Anti-pattern #1: Ignoring errors The ignore-errors word should almost never be used. Ignoring errors does not make code more robust and in fact makes it much harder to debug if an intermittent error does show up when the code is run under previously unforseen circumstances. Never ignore unexpected errors; always report them to the user.
Anti-pattern #2: Catching errors too early A less severe form of the previous anti-pattern is code that makes overly zealous use of recover. It is almost always a mistake to catch an error, log a message, and keep going. The only exception is network servers and other long-running processes that must remain running even if individual tasks fail.

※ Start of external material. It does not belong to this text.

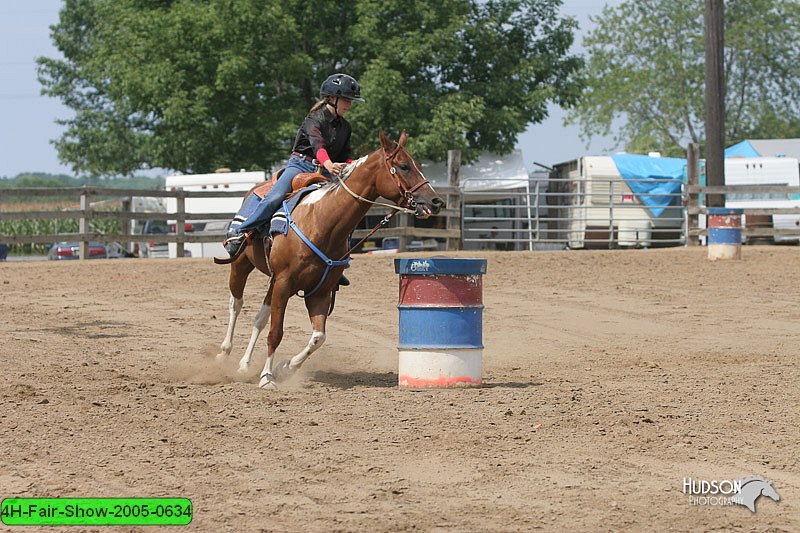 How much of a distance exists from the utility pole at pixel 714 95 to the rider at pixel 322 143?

In these cases, place the recover as high up in the call stack as possible.
In most other cases, cleanup should be used instead to handle an error and rethrow it automatically.
Anti-pattern #3: Dropping and rethrowing Do not use recover to handle an error by dropping it and throwing a new error. By losing the original error message, you signal to the user that something failed without leaving any indication of what actually went wrong. Either wrap the error in a new error containing additional information, or rethrow the original error. A more subtle form of this is using throw instead of rethrow. The throw word should only be used when throwing new errors, and never when rethrowing errors that have been caught.
Anti-pattern #4: Logging and rethrowing If you are going to rethrow an error, do not log a message. If you do so, the user will see two log messages for the same error, which will clutter logs without adding any useful information.